States may be on their own for health insurance exchange costs

United States House Committee on Energy and CommerceHealth care has been a hot issue for several years now. Since the days when the Affordable Care Act was being championed by the Obama Administration until now, there has been shortage of controversy surrounding health insurance. Now, the House of Representatives Subcommittee on Energy and Commerce has approved a number of bills that is likely to incite backlash from supporters of the health care reform law. One bill in particular targets health insurance exchanges.

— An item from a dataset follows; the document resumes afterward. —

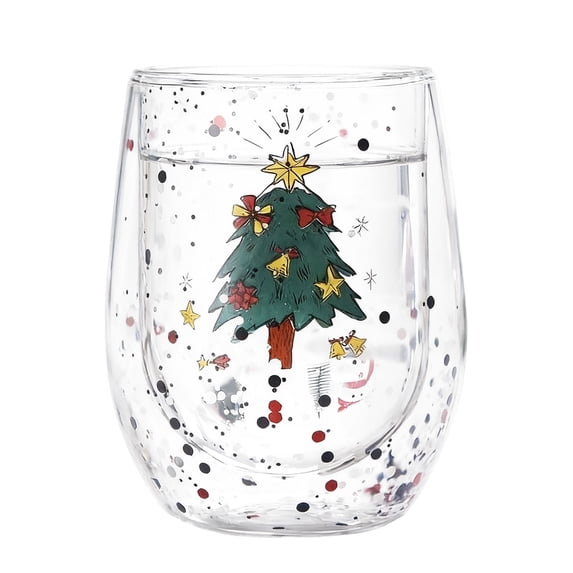 Double Wall Glass Mug, Christmas Tree Design Double-Layer Coffee Cup with Sparkling Holiday Style, Insulated Glass Mug for Tea Milk Hot Cocoa, Festive Glassware for Home Party and Gift Giving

Health insurance exchanges are one of the provisions of the Affordable Care Act. Their primary goal is to provide individuals and small groups the ability to purchase affordable insurance coverage and influence the market by pooling their purchasing power. All states are required to have a fully operational exchange program in place by 2014.

Health and Human Services has been providing funding to states that have begun the process of establishing an exchange. The money provided can be used for anything as long as it is used in the context of promoting the program. A bill passed by the Energy and Commerce subcommittee is aiming to bar those funding, leaving states to pay for these massive undertakings on their own.

Opponents of the bill have railed against its passing, saying that many states can scarcely afford the programs currently instituted. Cutting funding in this way will likely cripple a state’s ability to establish an insurance exchange within the allotted timeline.

The bill is not officially law as of yet, but has made a major step down the road of becoming one. Further hearings will be held later today as to the future of the bill.